Genes improve over generations, so the process of natural selection—basically biological trial and error—needs to ensure that there will be a future generation. For this reason, we don’t do a whole lot of aging until approximately 55, but the drop off after that is pretty sharp.

This happens because at this point, according to evolution, we’re all grown up, we’ve had children who have also grown up, and they’re busy nurturing their brood of bairns. From a genetic point of view, as soon as our children reach their fertile ages, the older generation becomes genetically redundant.

One smart fact from Genome:

Your DNA is full of garbage both harmful and helpful.

You’d think that, thanks to our friend evolution, most of our DNA would be useful information for the set-up of our body and mind, but the autobiography of DNA has a lot of useless paragraphs. What scientists found when they started to delve was a bunch of what they refer to as  junk DNA: useless genes repeated over and over again and past failures of what have evolved to be useful genes. The junk DNA  might have once been viruses that never worked properly in our bodies, so when the body suppressed them, they became embedded in the genome.

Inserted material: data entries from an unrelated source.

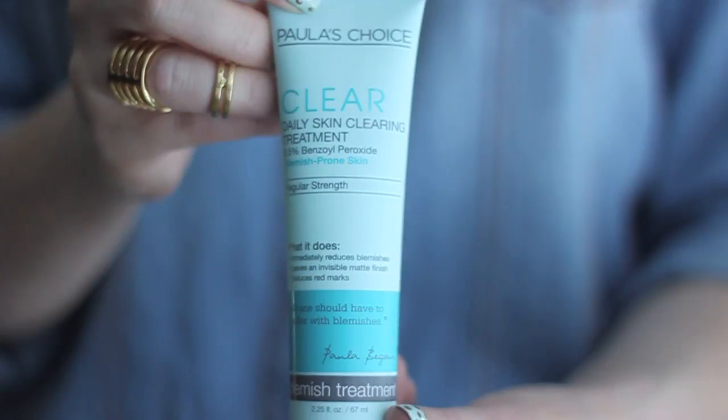The last product I use from the Clear line is the Daily Skin Clearing Treatment 2.5% benzoyl peroxide, in the regular strength formulation. This tube lasts me forever. If I have any active breakouts I will use this as a spot treatment. I know my own skin — once a month I tend to have a couple of breakouts around my chin, so I'll use a light layer over that area. I can also break out on the back of my shoulder, so I'll use it there as well, with great results.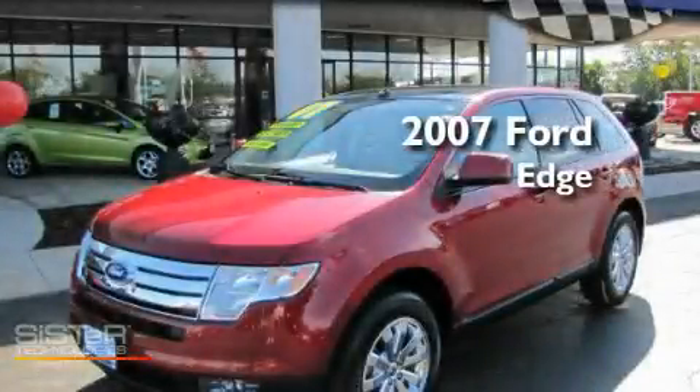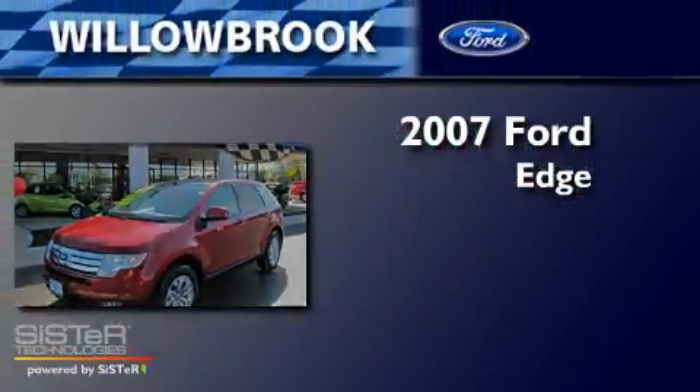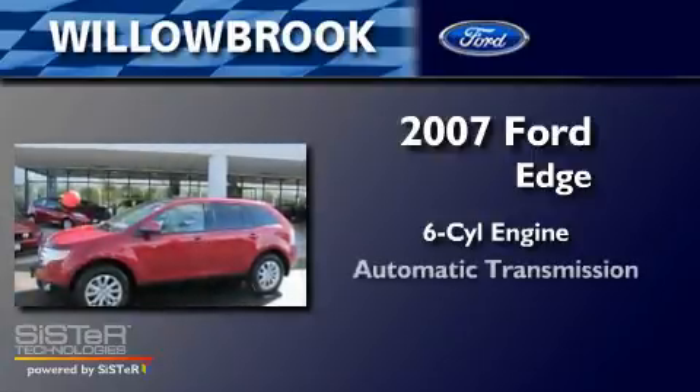This is a 2007 Ford Edge. It has a six-cylinder engine and an automatic transmission.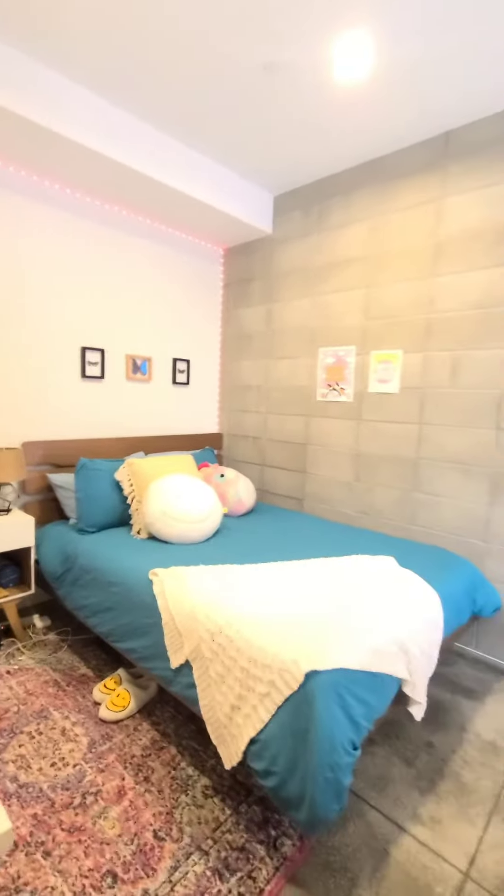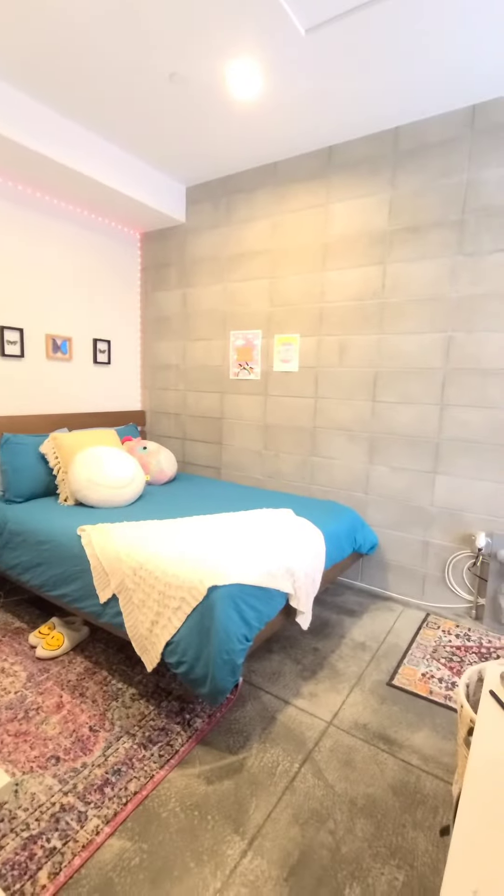Bedroom area is pretty cozy. It's a really beautiful space, actually.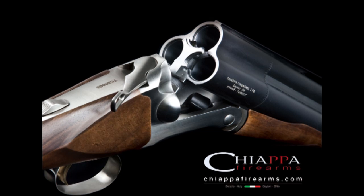I'm Ron Norton with Captain Firearms. I'll give you a sneak preview today of one of our new shotguns — it's the Triple Threat. The Triple Threat is part of the Triple Crown family of shotguns, which are three-barrel shotguns.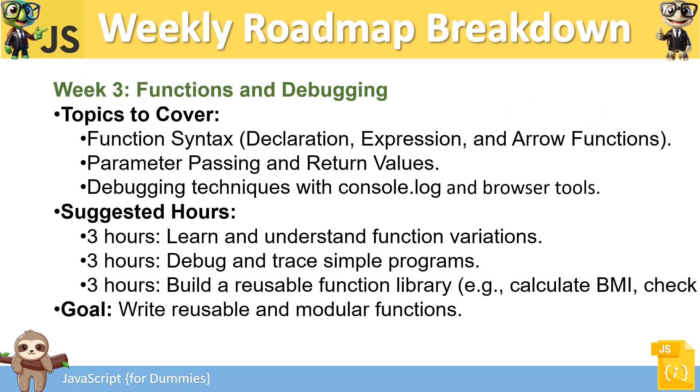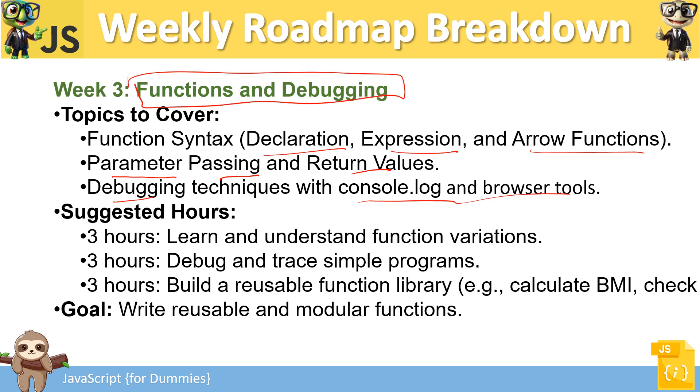Week 3 covers more advanced JavaScript: function declarations, expressions, and arrow functions. Understand parameter passing, return values, and debugging techniques using console.log and browser tools. Apply the same strategy: three hours of learning, three hours of debugging and practicing, and three hours writing reusable code. The goal is to write reusable, modular functions.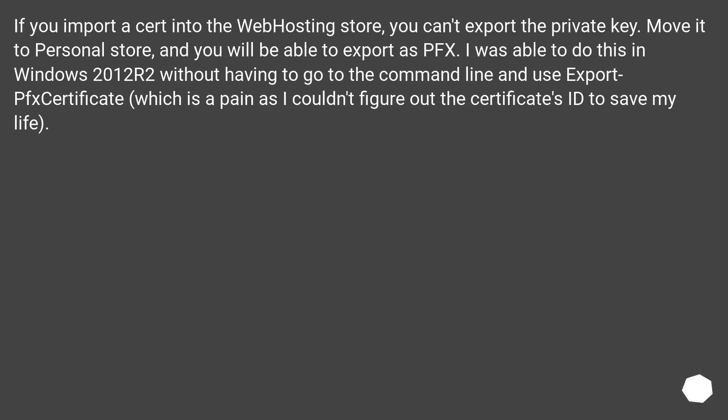If you import a cert into the web hosting store, you can't export the private key. Move it to the personal store, and you will be able to export as PFX. I was able to do this in Windows Server 2012 R2 without having to go to the command line and use Export-Certificate, which is a pain as I couldn't figure out the certificate thumbprint to save my life.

Unfortunately, they duplicate (hi, cancer), hiding in the billions of words of which our DNA consists. These masses can damage other parts of the genome, slowly killing the body the genome once built and allowed to function. However, not all the junk is harmful or useless! One of the first uses of human DNA was DNA fingerprinting, which used the particularities of junk-DNA repeats that make each of so unique.

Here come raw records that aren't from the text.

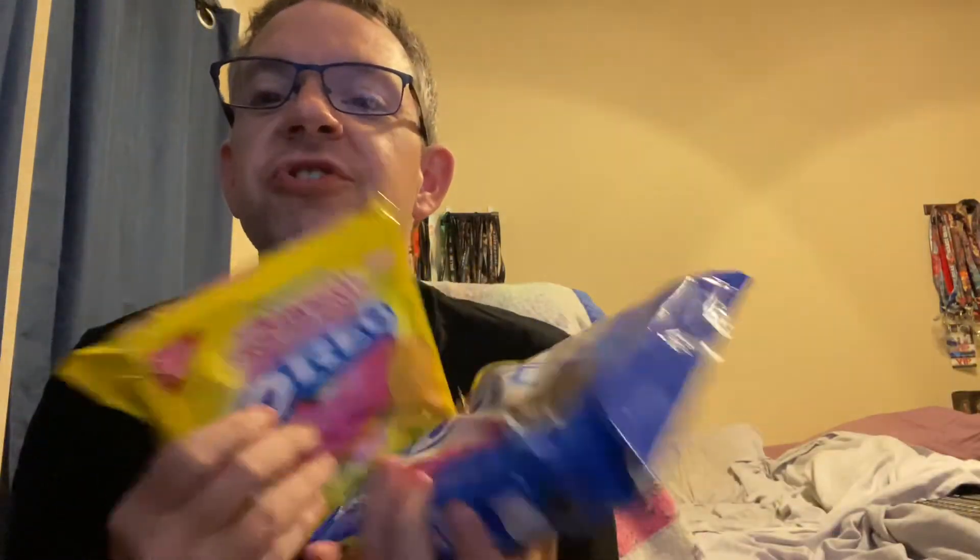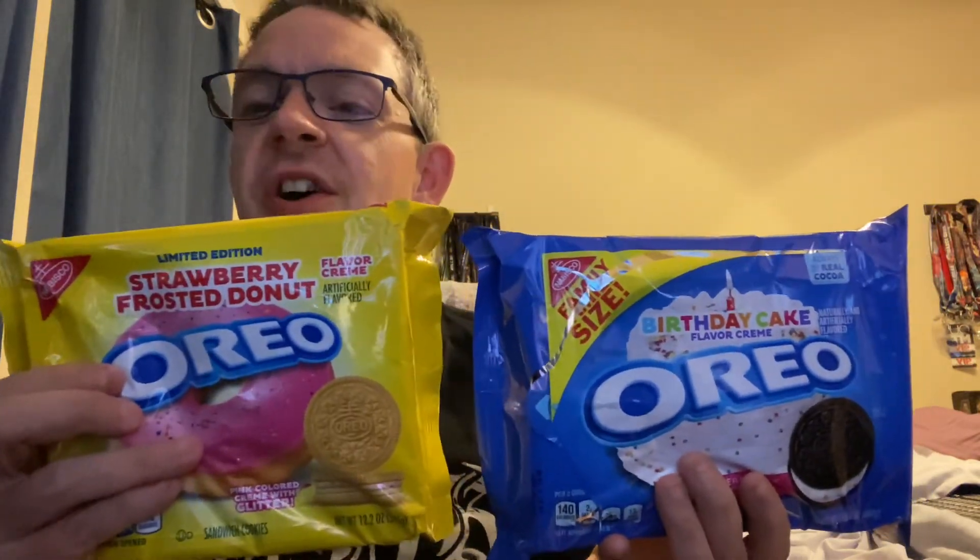I recommend both of these. If you want your birthday cake or you want your donuts, this is what you pick up at your local store. I've seen Birthday Cake Oreos forever and completely forgot I hadn't reviewed them yet. The Strawberry Frosted Donuts are brand new, but yeah, both are great. I enjoy both — they're good for a nice little pick-me-up, especially if you want chocolate cake flavor or strawberry donut flavor.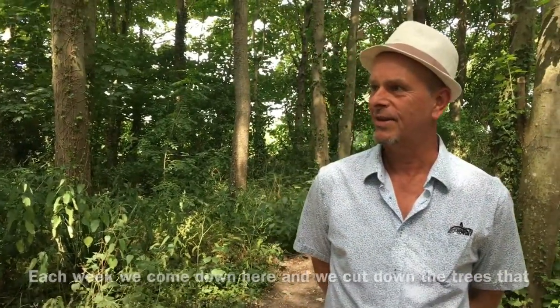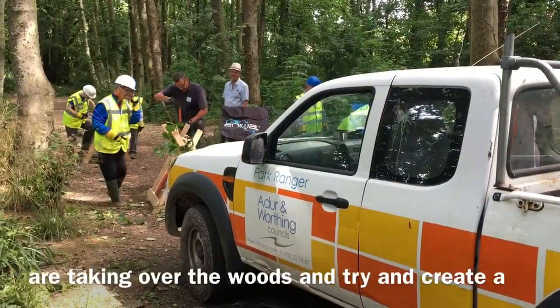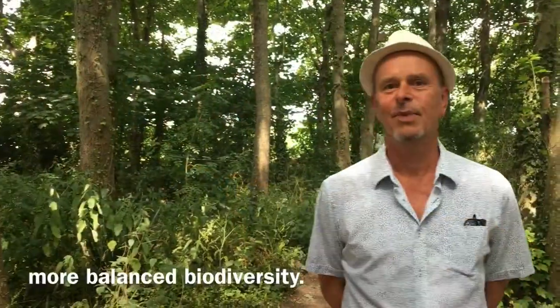Each week we come down here and we cut down the trees that are taking over the woods and try and create a more balanced biodiversity.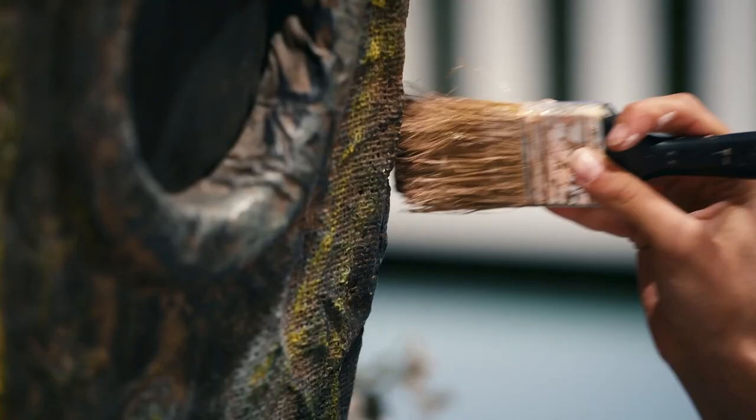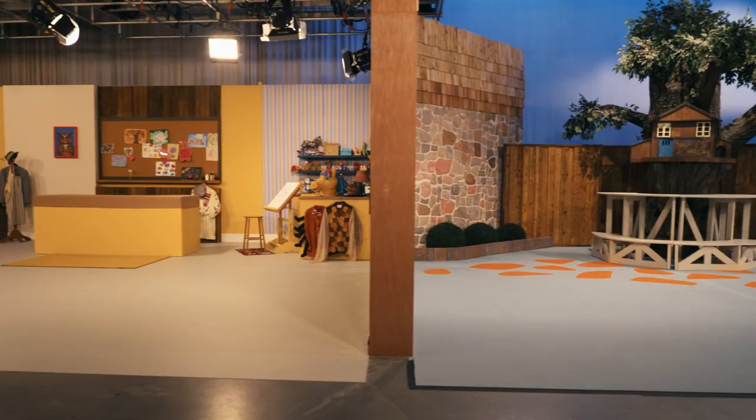I'm Rob McCallum, writer-director of the Mr. Dress-Up documentary, and I'm standing right now on the recreated Mr. Dress-Up set, so I gotta take you for a tour to show you some of my favorite things. Let's go!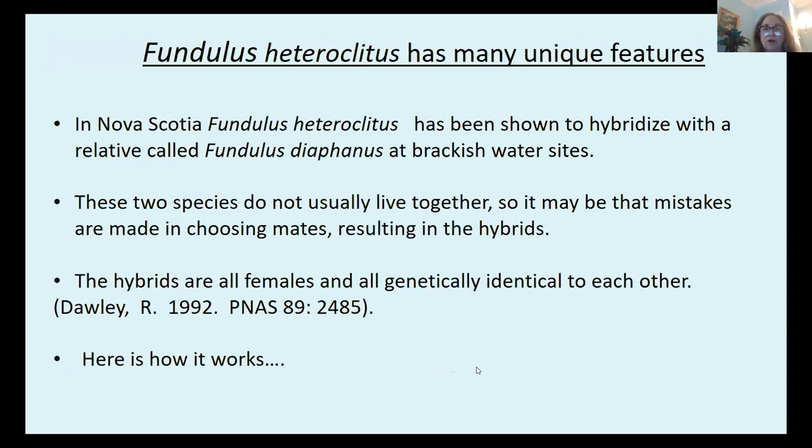Another interesting feature about Fundulus heteroclitus was discovered by my colleague Robert Dawley at Ursinus College. In Nova Scotia, at the northern part of their range, Fundulus heteroclitus has been shown to hybridize with a relative called Fundulus diaphanus where they live together at brackish water sites. These two species usually do not live together, so mistakes are made in choosing mates, resulting in hybrids. What's unique about these hybrids is that they're all females and genetically identical to each other — absolutely genetically identical, unlike normal fish or people where you'd have variety within the species.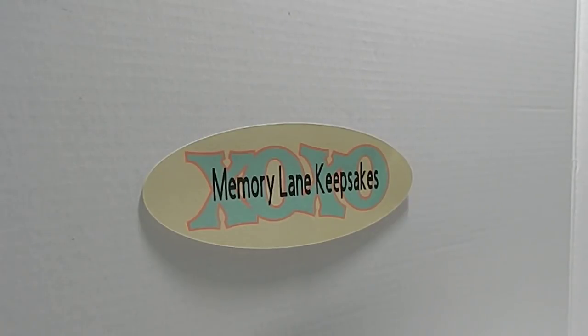Hi everyone, it's Tanya here with Memory Lane Keepsakes — welcome back to my channel. I hope everyone is having a fabulous day. Thank you guys for joining me. Today's haul is going to consist of a variety of different products from Tuesday Morning. I want to share some of the new things Tuesday Morning has, so definitely stay tuned to get some SKU numbers so you can find these items.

One surprising fact from Genome:

Think we’re beyond eugenics? Think again.

No self-respecting, Hippocratic oath-taking medical pro would like admitting to it, but eugenics are still A Thing today. When we test embryos for Down Syndrome and urge mothers to terminate the pregnancy, there’s very little in the way of difference from eugenics.

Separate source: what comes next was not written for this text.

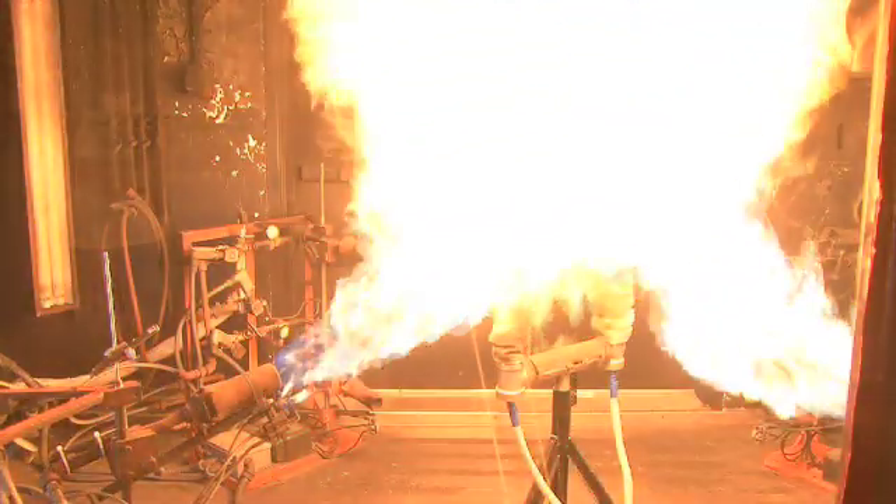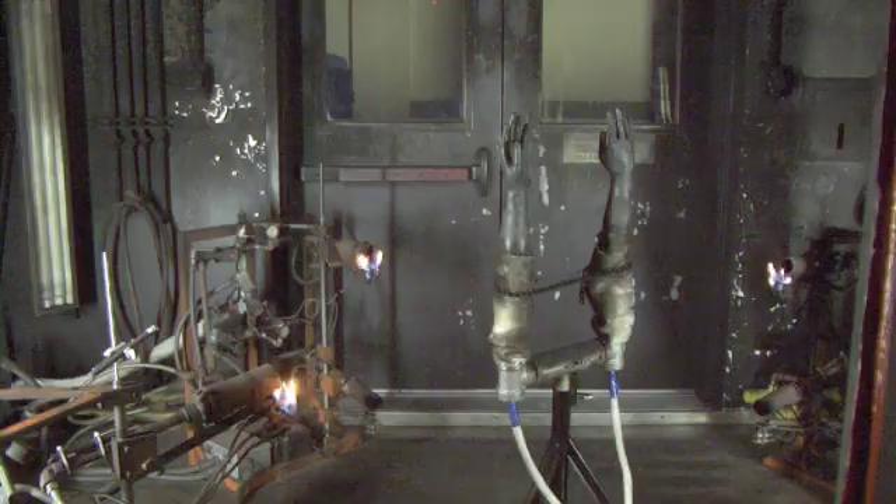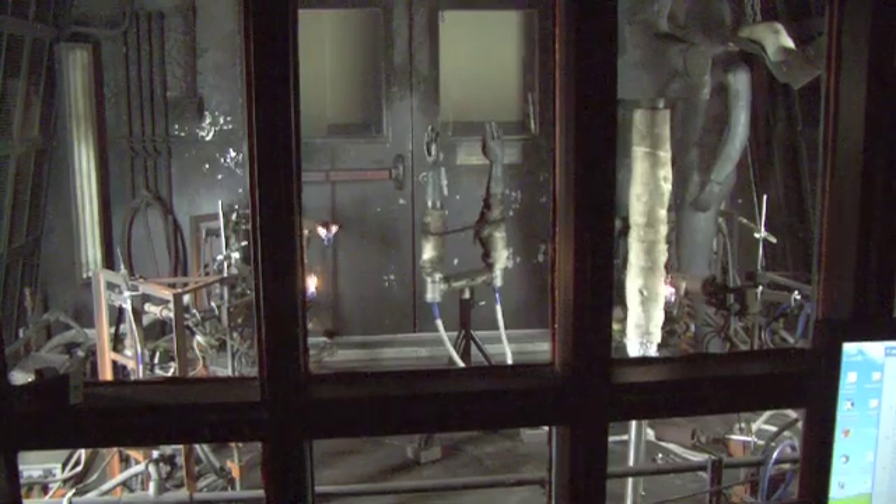The real challenge in developing the next generation of firefighter protective glove is to know how to design the glove to get the level of fire protection, at the same time to introduce greater levels of dexterity into the glove for the hand movement.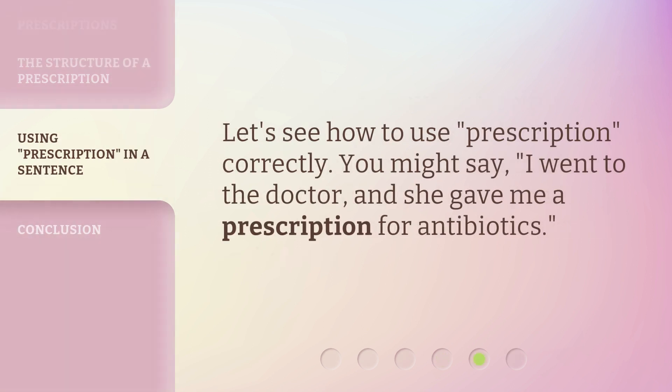So, let's see how to use 'prescription' correctly. You might say: 'I went to the doctor, and she gave me a prescription for antibiotics.'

What is different is how we manage to position it in our minds. Such measures are seen as protecting a baby from living a life mentally handicapped, and protecting parents from having to care for their child’s needs—much greater, on average, than those of healthy babies.

The differences seems to lie in choice: we don’t consider these medical measures eugenics because the power of choice lies in the mitts of private citizens, not in the state.

If you remember only one thing, make it this:

Your body actually is a wonderland—all the way down to the genome. The mapping of the human genome might be the single most important moment in science thus far. It’ll help to develop cures for as-yet incurable diseases, and holds both the cryptic messages and the decoder ring to humanity’s past and future. It’s the entire history of human life in a cell that could fit on the head of a pinpoint.

Pick up Matt Ridley’s Genome to learn all about the science of yourself >over at Blinkist. The Genome summary will only take you ten minutes to get through—and you can read it for free!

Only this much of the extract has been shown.